Sugestões de melhoria
Uma melhor avaliação de objetivos para a gestão e respetiva avaliação poderiam e deveriam fundamentar os vencimentos pagos, juntamente com a realidade salarial de cada setor para cada situação funcional.
Salários baixos (para funções executivas) dos membros do governo e da administração central não servem, historicamente, de referencial para os reguladores que têm carreiras próprias (financiadas com fundos provenientes de taxas diretamente cobradas aos supervisionados) contudo, a tendência presente nesta alteração legislativa, bem como na dialética havida em 2013 aquando da versão inicial da Lei Quadro das Entidades Reguladoras, tem sido a de reforçar esse paralelo numa lógica de nivelamento por baixo que agora se consagra com alterações remuneratórias que implicarão cortes nas remunerações dos membros dos conselhos de administração que atingirão até 45% ou mais de 40% na maioria dos reguladores abrangidos.

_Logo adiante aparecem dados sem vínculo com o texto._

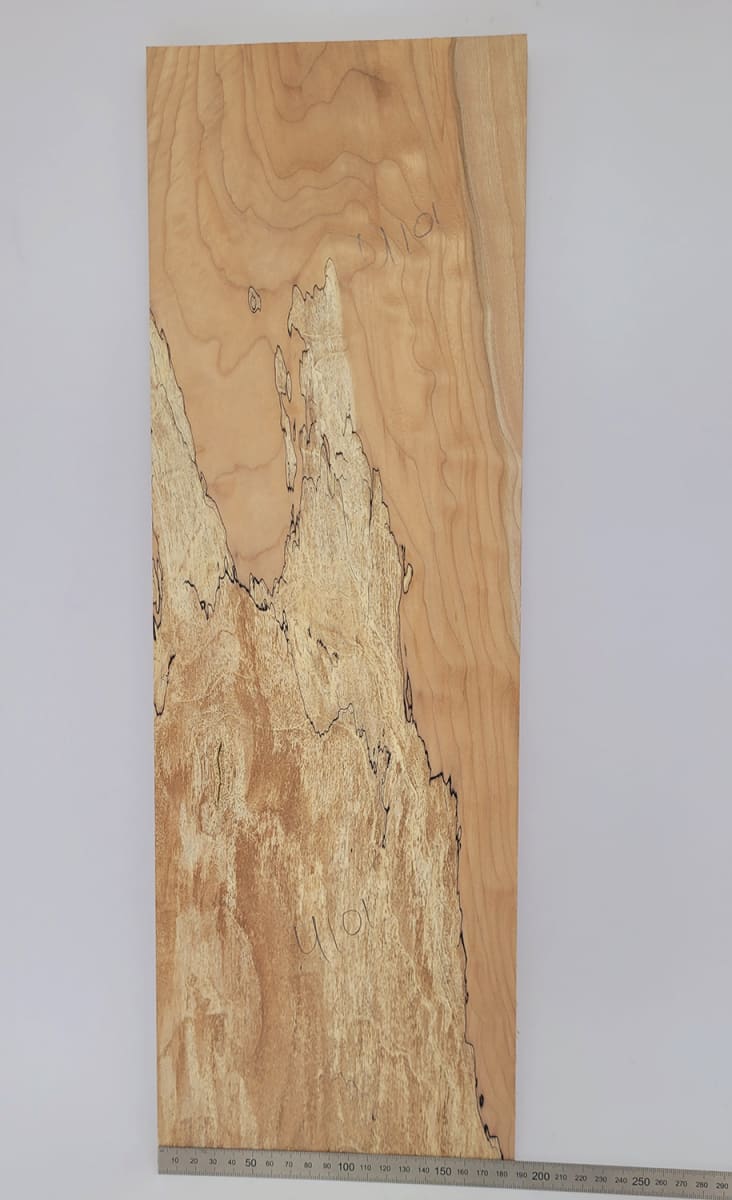 Top Unico REF: 4101 de Spalted Maple Especial12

Talvez fosse também oportuno questionar que qualidade se pode exigir e quem se quer captar em termos de pessoal político e de direção de topo na administração e do governo (com manifestas responsabilidades e poder) quando os respetivos vencimentos comparam muito mal com os de quadros de direção de médias empresas.
Sendo a questão salarial algo singular em Portugal (leque salarial excessivo, concentração crescente da mediana da população empregada ao salário mínimo, pressão externa para ganhar competitividade por via de salários baixos, etc) a verdade é que há opções e relações causais que têm sido vítimas de voluntarismo, populismo e “soluções” universais, com pouca reflexão e estudo concreto e comprovável.
Não é claro que o parlamento tenha tido informação específica por setor sobre o estado da arte dos recursos humanos nos reguladores, ainda que muitos deles tenham sido ouvidos. Uma análise sistemática, temporal, com a demografia dos respetivos quadros de pessoal não foi revelada publicamente, por exemplo. Nem parece ser uma preocupação permanente de acompanhamento do braço regulatório dos Estado português.
A opção parece ter sido claramente de definir uma medida única e universal que, contudo, não se aplicará a todos os reguladores.
A Entidade Reguladora para a Comunicação Social e o Banco de Portugal (um dos três reguladores supervisores financeiros do país) não serão sujeitos a esta limitação agora publicada em Diário da República.
Este texto é assinado por Rui Cerdeira Branco que o escreve a título pessoal. O autor é quadro (economista) da CMVM, já foi quadro do INE durante cerca de 10 anos e também já trabalhou no setor privado.